Our last adventure for this trip was a visit to Joshua Tree National Park. As at Big Bend, the campgrounds were all full, so we camped at the Salton Sea State Recreation Area southwest of the park.
Smoke from a fire rising over the Salton Sea
The Salton Sea was once a much larger body of water called Lake Cahuilla, but it shrank and is now 235 feet below sea level and about 50 percent saltier than the ocean. The rising salinity means fewer fish and birds, but it’s still a pretty place to camp.
A Joshua tree flower, with our camper in the background
The next morning we headed back to the national park. The shortest and most scenic route is called Box Canyon Road, but it has been closed since October when floods did serious damage.
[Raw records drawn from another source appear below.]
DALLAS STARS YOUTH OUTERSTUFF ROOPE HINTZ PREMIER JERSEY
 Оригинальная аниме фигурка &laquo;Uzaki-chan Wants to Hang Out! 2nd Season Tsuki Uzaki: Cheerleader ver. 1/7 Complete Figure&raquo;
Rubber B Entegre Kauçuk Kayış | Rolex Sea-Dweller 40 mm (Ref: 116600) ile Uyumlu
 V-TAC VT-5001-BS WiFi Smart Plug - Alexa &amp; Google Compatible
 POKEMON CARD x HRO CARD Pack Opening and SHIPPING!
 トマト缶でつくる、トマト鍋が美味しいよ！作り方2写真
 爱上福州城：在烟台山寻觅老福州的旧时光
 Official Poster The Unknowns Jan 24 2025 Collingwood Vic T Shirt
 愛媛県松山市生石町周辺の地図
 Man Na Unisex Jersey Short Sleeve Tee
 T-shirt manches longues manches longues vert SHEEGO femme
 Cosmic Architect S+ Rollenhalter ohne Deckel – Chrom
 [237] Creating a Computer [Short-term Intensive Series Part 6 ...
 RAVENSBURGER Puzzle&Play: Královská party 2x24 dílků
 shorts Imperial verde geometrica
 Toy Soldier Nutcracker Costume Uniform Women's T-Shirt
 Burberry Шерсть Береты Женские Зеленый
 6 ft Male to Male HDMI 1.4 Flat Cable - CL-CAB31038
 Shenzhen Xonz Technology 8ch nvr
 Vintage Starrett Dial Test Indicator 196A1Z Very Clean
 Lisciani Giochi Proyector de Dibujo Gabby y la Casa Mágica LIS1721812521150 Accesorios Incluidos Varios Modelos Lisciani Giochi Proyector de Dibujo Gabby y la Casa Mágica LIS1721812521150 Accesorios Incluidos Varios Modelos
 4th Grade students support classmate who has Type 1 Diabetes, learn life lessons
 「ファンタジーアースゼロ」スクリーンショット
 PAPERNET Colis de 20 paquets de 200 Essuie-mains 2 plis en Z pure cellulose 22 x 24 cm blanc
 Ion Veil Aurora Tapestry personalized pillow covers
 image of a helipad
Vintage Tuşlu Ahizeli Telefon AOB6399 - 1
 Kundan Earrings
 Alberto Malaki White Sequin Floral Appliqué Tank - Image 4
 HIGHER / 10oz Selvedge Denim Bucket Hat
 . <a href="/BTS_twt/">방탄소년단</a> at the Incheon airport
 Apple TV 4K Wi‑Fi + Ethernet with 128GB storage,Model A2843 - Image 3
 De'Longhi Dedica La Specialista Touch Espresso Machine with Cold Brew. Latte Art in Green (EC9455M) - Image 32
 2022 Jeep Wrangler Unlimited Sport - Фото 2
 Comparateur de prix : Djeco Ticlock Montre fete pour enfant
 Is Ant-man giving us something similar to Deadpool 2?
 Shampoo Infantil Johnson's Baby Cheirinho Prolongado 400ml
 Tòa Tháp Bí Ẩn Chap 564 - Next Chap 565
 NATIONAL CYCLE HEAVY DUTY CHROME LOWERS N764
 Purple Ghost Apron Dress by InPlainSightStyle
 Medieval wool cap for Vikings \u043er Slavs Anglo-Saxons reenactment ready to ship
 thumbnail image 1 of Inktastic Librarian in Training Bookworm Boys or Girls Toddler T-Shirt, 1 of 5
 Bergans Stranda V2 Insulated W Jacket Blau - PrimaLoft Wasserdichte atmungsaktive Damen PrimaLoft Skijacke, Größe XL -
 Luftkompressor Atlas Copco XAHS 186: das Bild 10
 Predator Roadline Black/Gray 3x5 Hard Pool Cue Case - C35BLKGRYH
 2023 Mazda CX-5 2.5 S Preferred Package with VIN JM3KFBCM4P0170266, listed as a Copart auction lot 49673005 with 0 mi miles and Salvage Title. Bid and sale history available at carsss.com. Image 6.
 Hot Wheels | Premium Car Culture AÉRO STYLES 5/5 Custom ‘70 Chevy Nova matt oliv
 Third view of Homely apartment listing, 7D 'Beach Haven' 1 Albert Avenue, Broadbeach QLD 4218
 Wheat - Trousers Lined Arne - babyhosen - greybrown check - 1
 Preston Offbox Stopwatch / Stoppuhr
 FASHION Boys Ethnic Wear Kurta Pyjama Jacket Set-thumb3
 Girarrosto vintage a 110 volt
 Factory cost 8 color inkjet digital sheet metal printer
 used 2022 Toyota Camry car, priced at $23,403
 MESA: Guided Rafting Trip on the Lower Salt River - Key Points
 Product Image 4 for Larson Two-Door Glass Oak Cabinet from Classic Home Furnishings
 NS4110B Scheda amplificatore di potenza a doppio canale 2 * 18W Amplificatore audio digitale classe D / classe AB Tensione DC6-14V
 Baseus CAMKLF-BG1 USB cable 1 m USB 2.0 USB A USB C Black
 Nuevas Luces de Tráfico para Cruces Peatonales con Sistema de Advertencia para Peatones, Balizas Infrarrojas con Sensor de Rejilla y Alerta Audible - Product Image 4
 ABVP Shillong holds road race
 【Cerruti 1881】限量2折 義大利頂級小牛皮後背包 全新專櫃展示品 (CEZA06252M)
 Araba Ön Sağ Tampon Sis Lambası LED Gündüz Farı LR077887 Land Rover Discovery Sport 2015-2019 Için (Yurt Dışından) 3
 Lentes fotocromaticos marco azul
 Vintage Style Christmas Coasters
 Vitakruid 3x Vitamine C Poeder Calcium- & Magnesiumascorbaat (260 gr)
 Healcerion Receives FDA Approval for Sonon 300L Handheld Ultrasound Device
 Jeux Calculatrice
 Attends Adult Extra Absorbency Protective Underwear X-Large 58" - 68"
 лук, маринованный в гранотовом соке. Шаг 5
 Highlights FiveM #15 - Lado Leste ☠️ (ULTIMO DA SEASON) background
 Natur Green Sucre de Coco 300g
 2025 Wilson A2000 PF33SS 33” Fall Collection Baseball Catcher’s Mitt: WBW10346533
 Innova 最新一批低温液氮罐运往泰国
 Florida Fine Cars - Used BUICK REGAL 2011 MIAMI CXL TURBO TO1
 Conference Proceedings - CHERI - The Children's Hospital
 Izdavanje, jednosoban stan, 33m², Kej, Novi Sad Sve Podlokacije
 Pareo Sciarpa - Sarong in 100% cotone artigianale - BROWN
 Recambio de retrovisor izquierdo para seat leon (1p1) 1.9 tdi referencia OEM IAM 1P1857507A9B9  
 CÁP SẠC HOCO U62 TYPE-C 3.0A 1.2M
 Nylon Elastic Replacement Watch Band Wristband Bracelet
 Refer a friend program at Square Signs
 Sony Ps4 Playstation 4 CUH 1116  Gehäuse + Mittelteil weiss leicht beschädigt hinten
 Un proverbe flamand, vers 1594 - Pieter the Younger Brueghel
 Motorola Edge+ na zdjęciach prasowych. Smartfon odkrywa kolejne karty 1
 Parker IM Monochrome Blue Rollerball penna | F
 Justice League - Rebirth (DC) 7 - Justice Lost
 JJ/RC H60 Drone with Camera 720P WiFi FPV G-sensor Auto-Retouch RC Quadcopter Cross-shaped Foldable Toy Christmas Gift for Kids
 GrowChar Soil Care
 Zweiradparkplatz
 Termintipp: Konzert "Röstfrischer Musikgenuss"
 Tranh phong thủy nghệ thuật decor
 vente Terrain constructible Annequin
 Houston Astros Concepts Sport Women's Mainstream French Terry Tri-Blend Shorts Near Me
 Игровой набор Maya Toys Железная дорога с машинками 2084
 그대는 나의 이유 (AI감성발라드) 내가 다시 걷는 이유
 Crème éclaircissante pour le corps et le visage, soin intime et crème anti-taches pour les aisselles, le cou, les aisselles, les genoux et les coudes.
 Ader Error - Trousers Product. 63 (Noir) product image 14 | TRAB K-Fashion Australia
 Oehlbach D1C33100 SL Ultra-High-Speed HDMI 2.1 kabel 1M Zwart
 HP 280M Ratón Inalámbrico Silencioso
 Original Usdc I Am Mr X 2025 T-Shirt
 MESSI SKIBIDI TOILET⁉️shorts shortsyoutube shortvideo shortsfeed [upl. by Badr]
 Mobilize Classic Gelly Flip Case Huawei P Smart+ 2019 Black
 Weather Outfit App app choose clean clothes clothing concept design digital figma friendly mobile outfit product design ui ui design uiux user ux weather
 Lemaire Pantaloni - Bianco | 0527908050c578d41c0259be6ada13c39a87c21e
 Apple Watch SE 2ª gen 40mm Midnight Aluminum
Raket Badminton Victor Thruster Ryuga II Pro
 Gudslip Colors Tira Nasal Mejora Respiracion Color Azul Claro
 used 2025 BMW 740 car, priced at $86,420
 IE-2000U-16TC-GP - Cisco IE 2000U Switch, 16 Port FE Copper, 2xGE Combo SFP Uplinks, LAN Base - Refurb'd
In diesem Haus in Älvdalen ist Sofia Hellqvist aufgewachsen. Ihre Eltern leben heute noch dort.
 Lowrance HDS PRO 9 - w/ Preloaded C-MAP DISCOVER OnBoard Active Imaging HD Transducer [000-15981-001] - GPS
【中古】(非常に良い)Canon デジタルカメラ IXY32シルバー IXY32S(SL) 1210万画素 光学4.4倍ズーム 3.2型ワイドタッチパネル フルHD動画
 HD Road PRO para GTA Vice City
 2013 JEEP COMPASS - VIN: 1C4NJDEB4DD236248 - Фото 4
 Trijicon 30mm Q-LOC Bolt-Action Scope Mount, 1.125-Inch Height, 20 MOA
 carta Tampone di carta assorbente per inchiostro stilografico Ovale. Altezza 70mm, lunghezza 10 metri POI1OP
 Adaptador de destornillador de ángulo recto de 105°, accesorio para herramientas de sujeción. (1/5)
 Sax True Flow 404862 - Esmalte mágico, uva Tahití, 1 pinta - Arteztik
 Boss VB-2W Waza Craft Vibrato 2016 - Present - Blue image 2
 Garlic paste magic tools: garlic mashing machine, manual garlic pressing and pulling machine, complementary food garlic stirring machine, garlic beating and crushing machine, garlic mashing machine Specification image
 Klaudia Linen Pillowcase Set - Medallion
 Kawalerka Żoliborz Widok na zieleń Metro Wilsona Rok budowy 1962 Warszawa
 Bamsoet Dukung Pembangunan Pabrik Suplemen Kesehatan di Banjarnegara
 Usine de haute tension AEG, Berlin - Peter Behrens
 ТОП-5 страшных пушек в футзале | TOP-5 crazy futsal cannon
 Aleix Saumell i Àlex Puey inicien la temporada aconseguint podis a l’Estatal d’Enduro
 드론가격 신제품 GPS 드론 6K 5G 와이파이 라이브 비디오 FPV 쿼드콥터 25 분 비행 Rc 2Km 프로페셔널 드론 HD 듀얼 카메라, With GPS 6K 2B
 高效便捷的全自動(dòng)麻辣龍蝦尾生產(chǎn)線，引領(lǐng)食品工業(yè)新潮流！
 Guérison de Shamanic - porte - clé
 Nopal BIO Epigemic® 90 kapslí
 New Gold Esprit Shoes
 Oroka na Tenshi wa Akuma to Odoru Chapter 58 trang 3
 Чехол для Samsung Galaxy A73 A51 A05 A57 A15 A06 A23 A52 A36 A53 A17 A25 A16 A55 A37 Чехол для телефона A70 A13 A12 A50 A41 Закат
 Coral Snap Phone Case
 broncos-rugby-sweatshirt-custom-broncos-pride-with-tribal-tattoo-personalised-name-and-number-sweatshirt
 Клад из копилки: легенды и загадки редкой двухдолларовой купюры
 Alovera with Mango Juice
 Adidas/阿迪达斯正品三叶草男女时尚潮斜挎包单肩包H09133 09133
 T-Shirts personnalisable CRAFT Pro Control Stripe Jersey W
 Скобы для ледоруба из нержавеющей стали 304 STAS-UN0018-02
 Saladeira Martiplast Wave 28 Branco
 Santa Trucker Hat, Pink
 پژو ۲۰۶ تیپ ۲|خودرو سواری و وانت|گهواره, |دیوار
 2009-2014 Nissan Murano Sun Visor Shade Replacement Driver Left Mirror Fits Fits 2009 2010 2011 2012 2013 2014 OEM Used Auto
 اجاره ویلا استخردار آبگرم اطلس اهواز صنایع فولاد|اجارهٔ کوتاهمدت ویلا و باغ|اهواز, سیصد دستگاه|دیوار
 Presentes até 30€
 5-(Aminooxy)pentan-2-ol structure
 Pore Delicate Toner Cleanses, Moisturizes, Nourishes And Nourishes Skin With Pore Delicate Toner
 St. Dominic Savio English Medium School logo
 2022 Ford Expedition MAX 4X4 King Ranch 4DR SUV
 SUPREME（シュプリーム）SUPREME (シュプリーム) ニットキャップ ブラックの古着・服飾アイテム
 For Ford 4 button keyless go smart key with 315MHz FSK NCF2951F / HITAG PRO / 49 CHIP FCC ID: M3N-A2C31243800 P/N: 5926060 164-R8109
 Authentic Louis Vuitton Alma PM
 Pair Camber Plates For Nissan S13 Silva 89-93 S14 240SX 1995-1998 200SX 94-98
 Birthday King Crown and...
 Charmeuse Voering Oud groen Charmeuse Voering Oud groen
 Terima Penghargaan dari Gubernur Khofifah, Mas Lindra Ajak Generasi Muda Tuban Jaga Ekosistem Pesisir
So we took the long way round via Interstate 10.
After we exited I-10 and before we even entered the park, we saw dozens of cars stopped along the road and scores of people wandering through the fields of wildflowers. This was one of the best springs ever for wildflowers and the petal peepers were out in force. We also saw quite a few RVs boondocking.
The park also has plenty of cholla. Here’s Robin in the Cholla Cactus Garden.
Once again our timing was off. It was Saturday, and the park was relatively crowded. Although we had read of damage to the trees during the Trump government shutdown, we didn’t see any evidence of it, and there were still plenty of the magnificent plants, which are really not trees but a species of yucca. The park is home to many other plants, numerous rock formations, and a wide variety of wildlife, from bighorn sheep to the kangaroo rat.
Part of the Jumbo Rocks formation
The granite formations look like they were piled up by some ancient giant, but they are actually the result of volcanic activity deep in the earth that forced them to the surface.
Although the park was crowded, one place was not: an overlook point called Keys View, perhaps because it’s very windy. We had a great view across the Coachella Valley and could even see a bit of the Salton Sea where we camped.
We entered the park from the south, drove all the way through and out the north side, stopped for lunch in the Twenty-Nine Palms, and drove back through the park and then to our camp. On the way, we stopped for water at a roadside convenience store that was next door to something calling itself the International Banana Museum. It didn’t appeal to us, so we didn’t go in.
The next day we turned north toward home.